Zack_M_Davis comments on Alexander and Yudkowsky on AGI goals

Zack_M_Davis 25 Jan 2023 19:05 UTC
37 points
18

I think everyone in the field would be incredibly impressed if they managed to hook up a pretrained GPT to an AlphaStar-for-Minecraft and get back out something that could talk about its strategies with human coplayers. I’d consider that a huge advance in alignment research [bolding mine —ZMD] [...] because of the level of transparency increase it would imply, that there was an AI system that could talk about its internally represented strategies, somehow. Maybe because somebody trained a system to describe outward Minecraft behaviors in English, and then trained another system to play Minecraft while describing in advance what behaviors it would exhibit later, using the first system’s output as the labeler on the data.

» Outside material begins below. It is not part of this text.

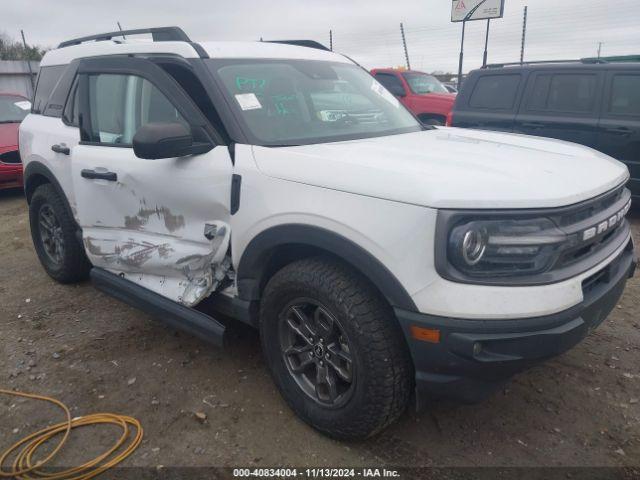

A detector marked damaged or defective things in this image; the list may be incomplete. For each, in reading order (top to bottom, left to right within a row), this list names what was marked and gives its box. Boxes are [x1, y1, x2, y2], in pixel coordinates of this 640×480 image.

dented side panel [69, 144, 232, 306]
damaged rear door [72, 55, 232, 304]
damaged front door [72, 55, 232, 304] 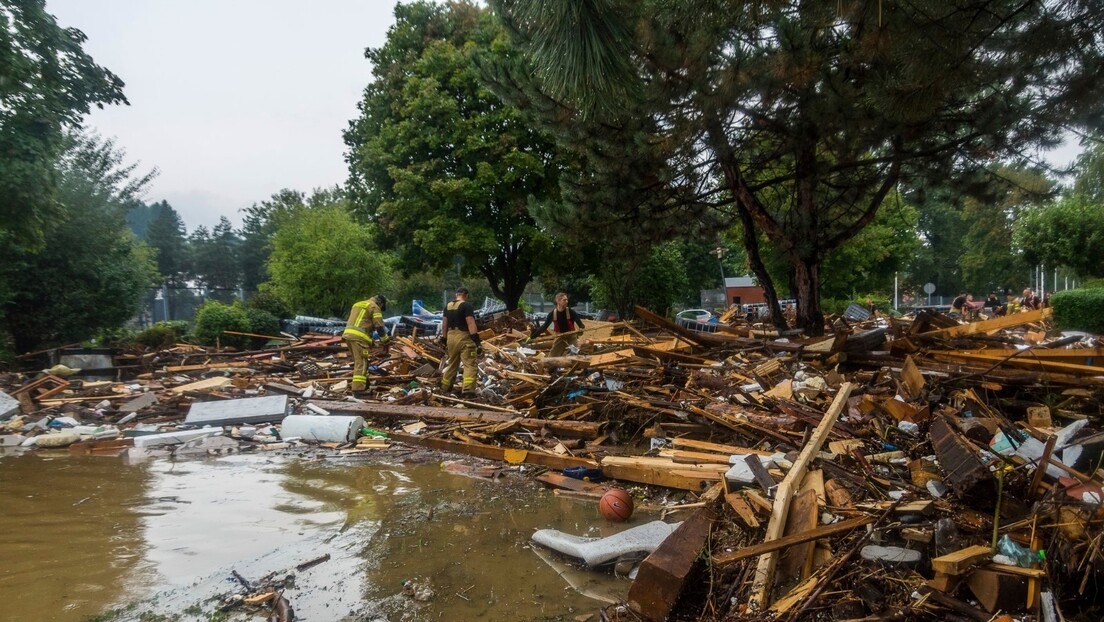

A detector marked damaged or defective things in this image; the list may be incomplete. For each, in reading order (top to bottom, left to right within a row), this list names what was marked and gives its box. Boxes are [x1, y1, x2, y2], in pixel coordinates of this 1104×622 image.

Huh? Isn’t this essentially what Meta’s Cicero did for Diplomacy? (No one seemed to think of this as an alignment advance.)
- green_leaf 25 Jan 2023 22:36 UTC
  3 points
  −2
  Parent
  Unless I’m missing something, Cicero can talk about its strategies, but only in the sense that its training resulted in its text usually saying such things about its strategies that it usually helps to win the game. Not in the sense that it would have some subpart that would truthfully and reliably report on whatever strategy the network actually has (I’d expect those two goals to contradict each other pretty often (or at least sometimes)).
  - Quintin Pope 25 Jan 2023 23:28 UTC
    6 points
    2
    Parent
    I’ve heard that this is false. Though I haven’t personally read the paper, so I can’t comment with confidence.
    - green_leaf 25 Jan 2023 23:31 UTC
      3 points
      0
      Parent
      Oh, I see. It seems like it doesn’t work reliably though (the comment says it “doesn’t lead to a fully honest agent”).